━━━ Input data ━━━

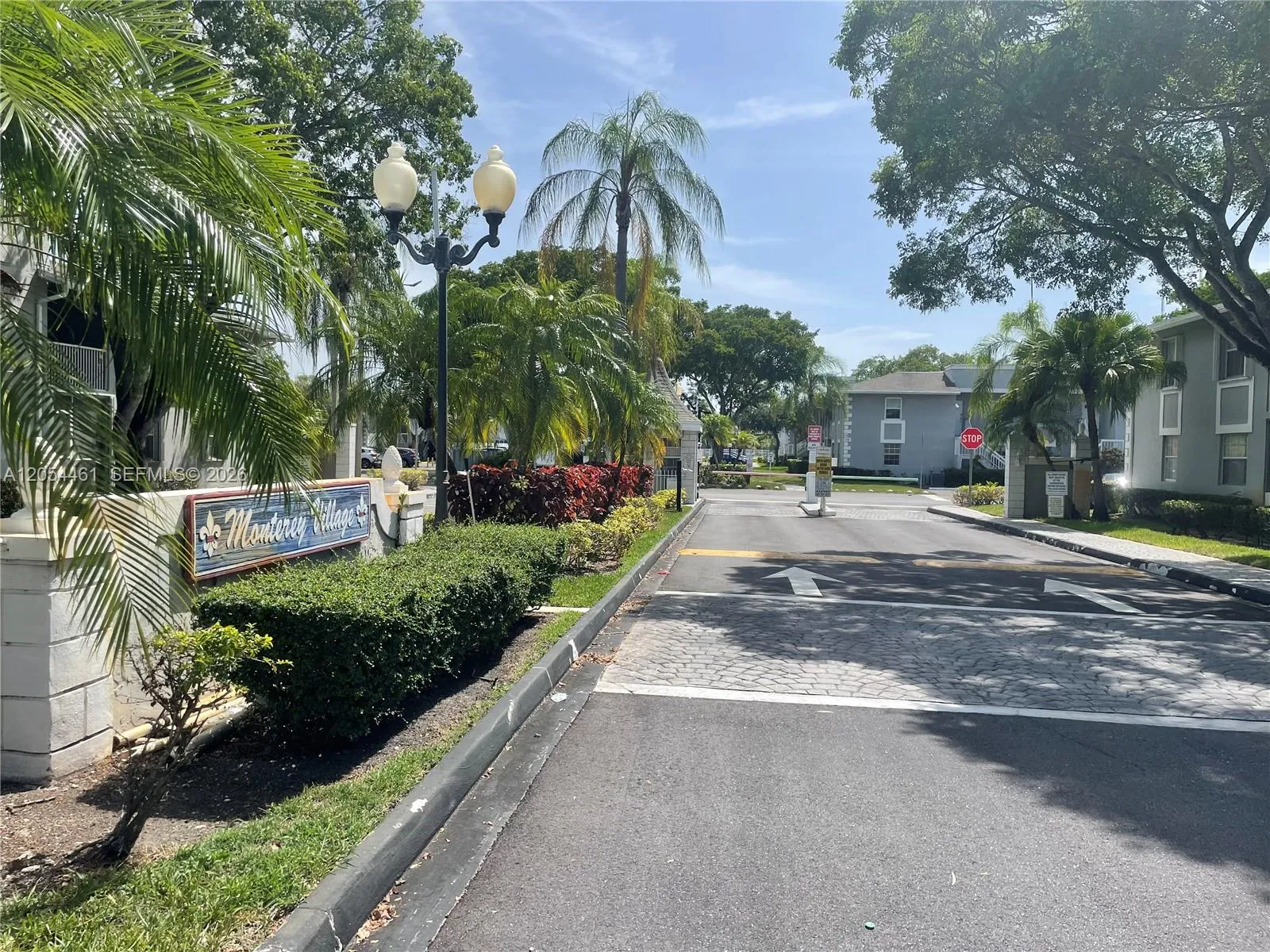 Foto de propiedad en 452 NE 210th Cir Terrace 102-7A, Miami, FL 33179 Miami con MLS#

━━━
━━━ Input data ━━━

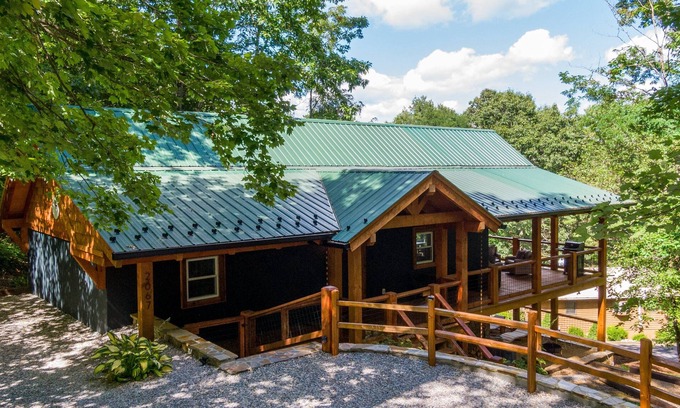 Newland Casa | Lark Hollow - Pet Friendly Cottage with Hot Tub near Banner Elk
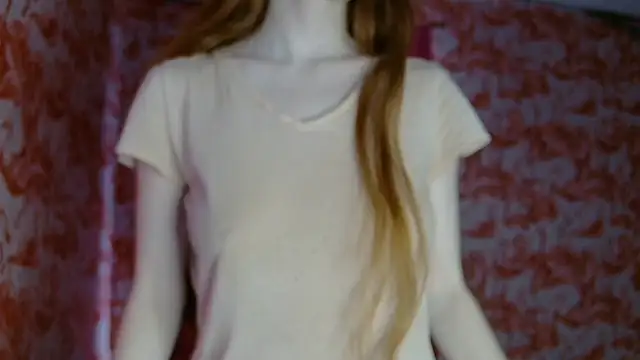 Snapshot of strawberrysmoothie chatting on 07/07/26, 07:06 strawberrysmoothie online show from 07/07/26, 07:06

━━━

Look above for the line with "Newland Casa |" and the line with "Snapshot of strawberrysmoothie". Give again exactly those two lines and all lines between them, pictures excluded.

• Solution below
 Newland Casa | Lark Hollow - Pet Friendly Cottage with Hot Tub near Banner Elk
 Snapshot of strawberrysmoothie chatting on 07/07/26, 07:06 strawberrysmoothie online show from 07/07/26, 07:06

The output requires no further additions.